窓上に庇用の下地をの木をいれているところ。この後縦通気胴縁がいれられ縦横無尽の通気が出来上がる

住宅の外壁構造において近年重要性が増した通気工法。完成すると外壁内でその構成や効果が視覚的に全く感じられないので、この工事中がとても大事な期間となる。

4時54分撮影。今日は5時9分が熊本市の日の出時刻。

私のこの時期の起床は4時ごろである。老人と言われればその通りであるが、元々朝方人間である。今日もホテルで4時ごろ目が覚めたが、外は真っ暗。新潟県ではこの時期4時ごろではもう明るいが、日本でも最も西の地域である熊本県の今日の日の出5時9分日の入りは19時22分に対し、新潟県の日の出は4時21分日の入りは19時と朝方の地域である。特に日の出は50分も早いのには驚かされ、この熊本県の日の出時刻は新潟県では4月中旬ごろに相当し、48日も違うことに驚く。

さて本題の通気層。

通気層は日本の住宅でまた高断熱高気密住宅ではとても大事な役割を担うため、瑕疵担保保険の設計基準では必須の仕様となっている。このため実施的に日本の外壁下地の基準である。この通気層の役目は複数あるが、最も大事な役目は壁体内の乾燥の促進である。外壁内は雨漏り以外では容易に内部に水がたまらないと想像している人がほとんどだと思うが、冬季は室内から湿気の流入による液体化、夏季では蒸し返しによる湿気の液体化の可能性がある。室内が気密化された壁体内において気体の水は悪さをほとんどしないが、液体になったとたん水は建物の脅威となる。いわゆる有機物の腐朽である。この液体化するのを防いだり、また液体化しても早急に乾燥させ気体化する手助けをするのがこの通気層である。細かい原理はここでは詳しく述べないが、通気層の名のごとく空気を通すことで乾燥させたり、液体化させること防ぐ。つまり空気の流れがこの通気層の肝となる。

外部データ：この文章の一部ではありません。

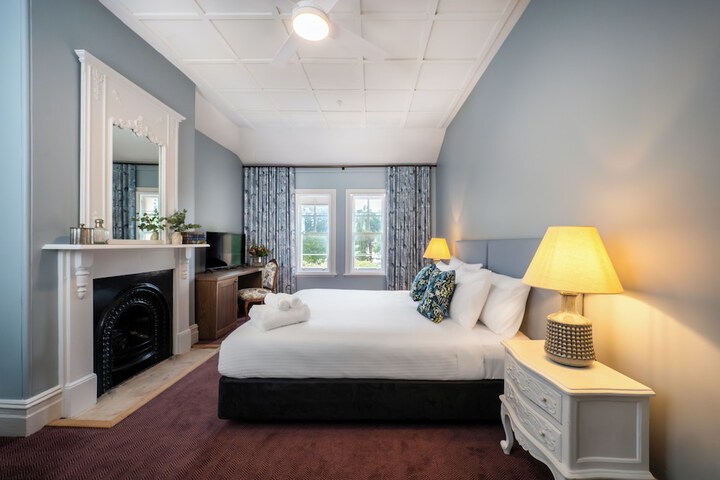 Room 4 of 51
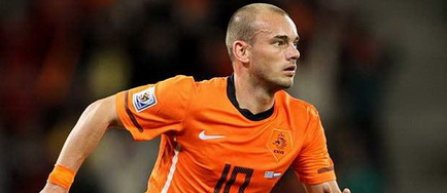 Sneijder accepta "cu durere" pierderea banderolei de capitan al Olandei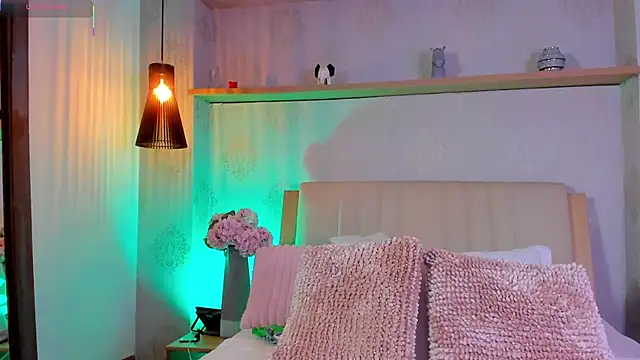 CamilleLynn online show from November 9, 7:40 pm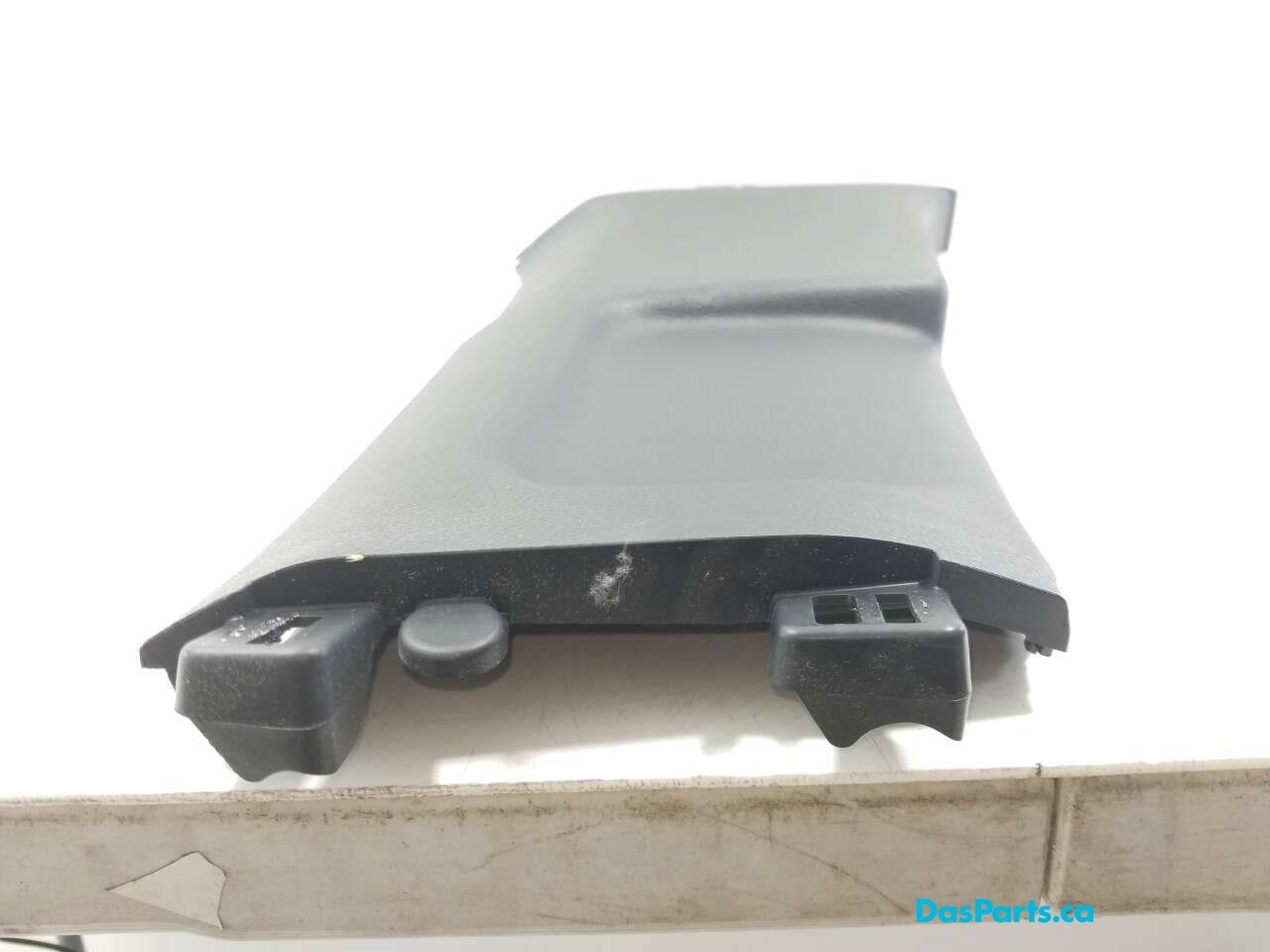 Lower B-Pillar Trim R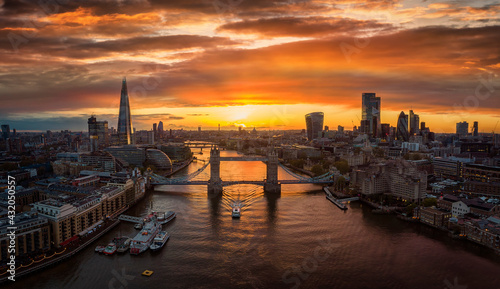 Canvas Print Aerial view of colorful sunset behind the modern skyline of London, United Kingd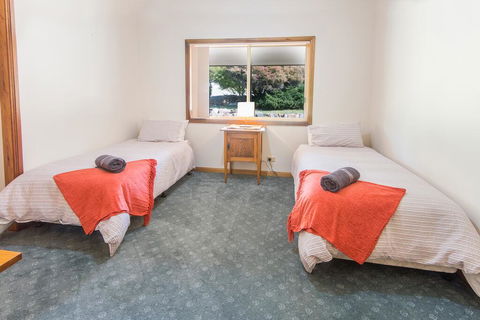 32 Zachary Drive Farm Stay Iconic Water Views - Accommodation Tasmania 3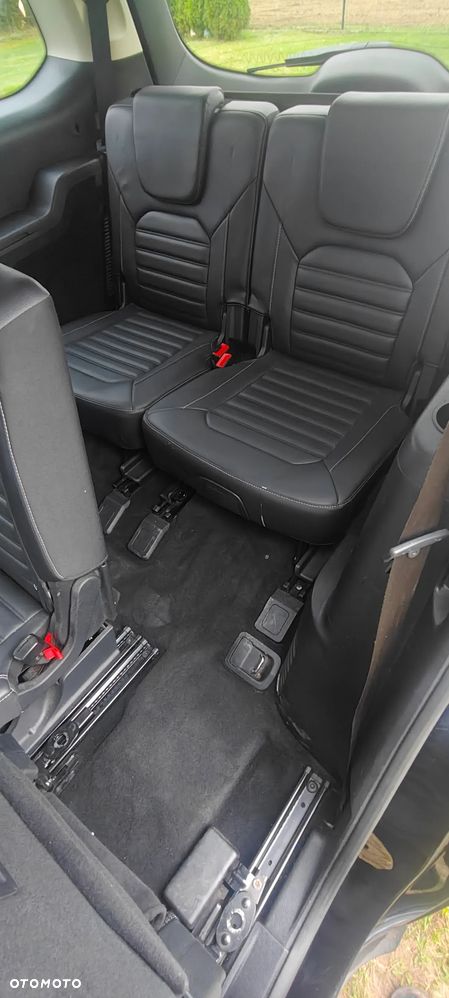Ford Galaxy - 7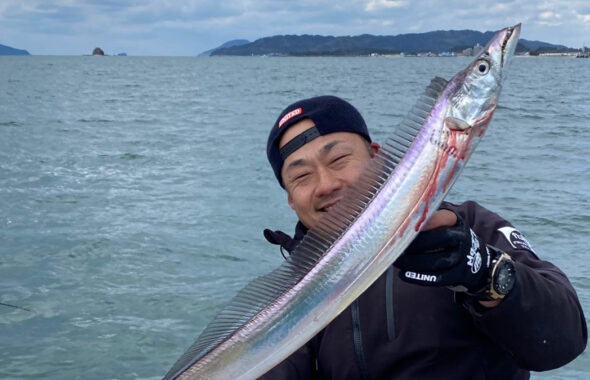 博多湾内で太刀魚釣り！冬の良型が連続ヒット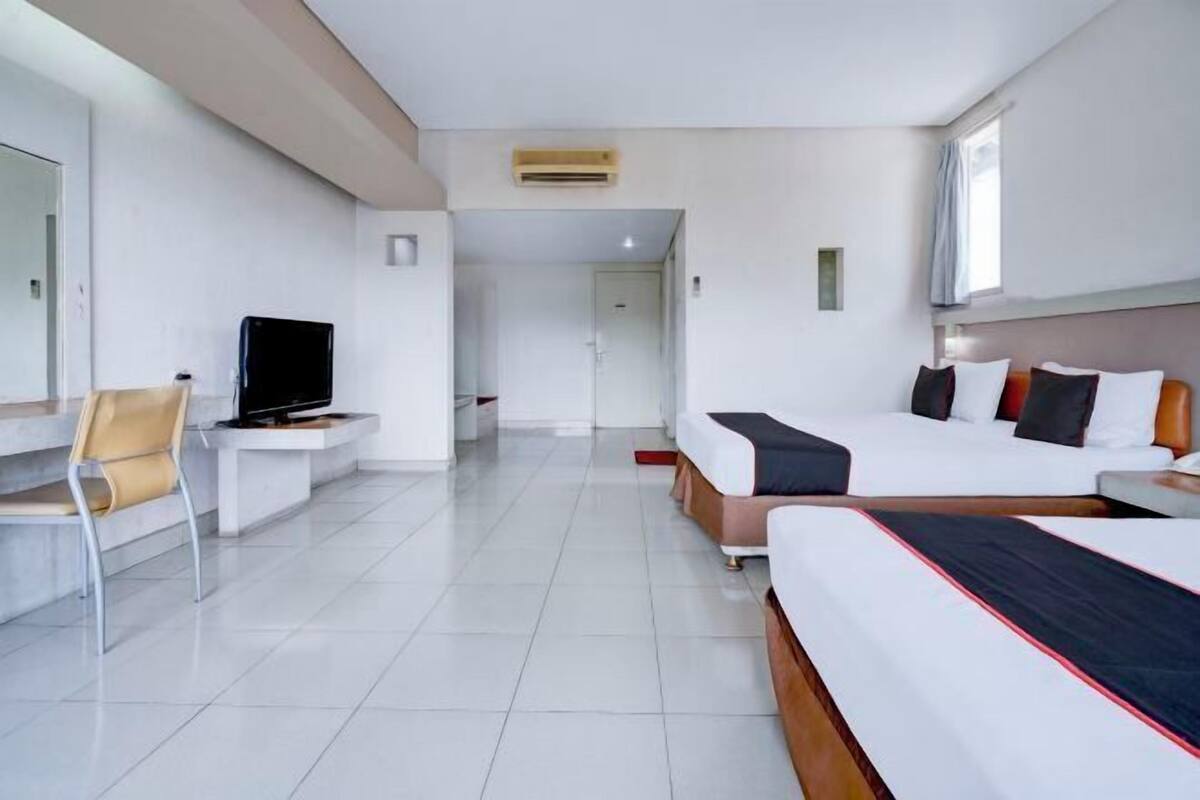 1 bedroom, premium bedding, desk, free WiFi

建築物は一般部分とイレギュラー部分が必ずある。外壁の下地となる通気層も同様で、一般部分は下の写真での大きな面の部分である。

一方イレギュラー部分の代表は窓回りである。

通気は温度差により原則下から上へ流れる。黄色い部分が一般部で緑色の部分がイレギュラー部分。窓で阻害された空気をいかにスムーズに流すかが重要。ピンク色が空気の流れ。

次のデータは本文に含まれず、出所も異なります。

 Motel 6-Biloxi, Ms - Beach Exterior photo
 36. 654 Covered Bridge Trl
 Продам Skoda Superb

この窓回りの空気をいかにスムーズに流すかが大事であるがこれは通気層の施工方法でかわる。「緑の家」のクロス通気はこの部分の通気を確実に行うことが誰でも可能になる。2重に組まれた胴縁が縦横無尽に空気を流通させ、逆に空気の流れを止めるほうが難しい「組み方」がクロス通気である。よって工事監理者である私がとても工事監理が楽で、この組み方さえ目撃できれば正しく通気工法が行われているかの確認は終わる。ものの数秒でよく、写真だけでも判断ができる。

例えば下の部分。

一見一般部に見えるがここもれっきとしたイレギュラー部分。今回は庇が来るが、一般の建物なら給湯器やエアコンの室外機、電気の積算計、太陽光パワコンなどの数多くの下地がある。これを全部通気確認できるかが疑問であり。この点クロス通気ならそこを見なくとも全く問題ない。

ここは外壁仕上がりが横に貼られるので縦が通気胴縁の基本材となる。しかしここにはエアコンが設置されるので、庇を設ける必要がある※1。

※1積雪地でのエアコン室外機には庇が必須となる。また温暖地でも雪が降っている最中は庇があると効率が下がらない。この説明はその4で行う。

今回はコストを考え既製品のアルミ庇であるが、その下地は横に2m以上必要になる。すると通常の通気胴縁では1.8mごとに4㎝位の隙間しか開けることができないが(エアーホール胴縁を除く)、

ピンク色部分が庇を取り付ける下地位置。横に下地が必要なので外壁が横張の時は通気層の機能が阻害されていないかの確認が重要になる。

クロス通気の場合は、縦胴縁が18㎜も外壁から浮いた位置にあるので、4㎝の隙間でなく30㎝以上の隙間が空くことで※2通気が阻害されることは少ない。横に逃げた空気は下地補強の横材のないところで上に上がる気流を阻害されることはない。
※2上に流れた空気は通常小屋裏に入り小屋裏換気口で排出される。小屋裏換気の効率が重要になる。これはその3で説明する。

とここまで書いたら熊本空港での搭乗になったので続きは伊丹空港でアップする予定。

このように多くのイレギュラーがあっても自然に解決になっている計画が「緑の家」のクロス通気である。注意することは浮いているがゆえに留めつけの釘長さに注意すること。防水性を確実にする場合は、外壁仕上げ材厚さの3倍以上の厚さの通気層等になるようにする。

再度申し上げるが、通気層は滞りなく空気が流れることでその効果が発揮されるのである。よって通気されていない箇所があると折角の通気層が意味のないものになる。

最近通気層のない外壁構成があるが、これらは一般的に日本の気候とは違う地域で発展してきたことが歴史的にある。例えば蒸し返し現象は、夏季にAH(絶対湿度)が高くない地域では大きな問題ではないが、日本の夏はAH(絶対湿度)25g/kgを超えるのですぐに壁内結露となるこれが乾きやすいように通気層があるので大きな支障がなければ通気層を省略するのはやめたほうが無難であるこのクロス胴縁は工事監理の簡略化として自身で思考し、もう24年以上行っている「緑の家」の定番。このように20年以上続けられる根拠がある施工方法(設計方法)が無難な仕様なのである。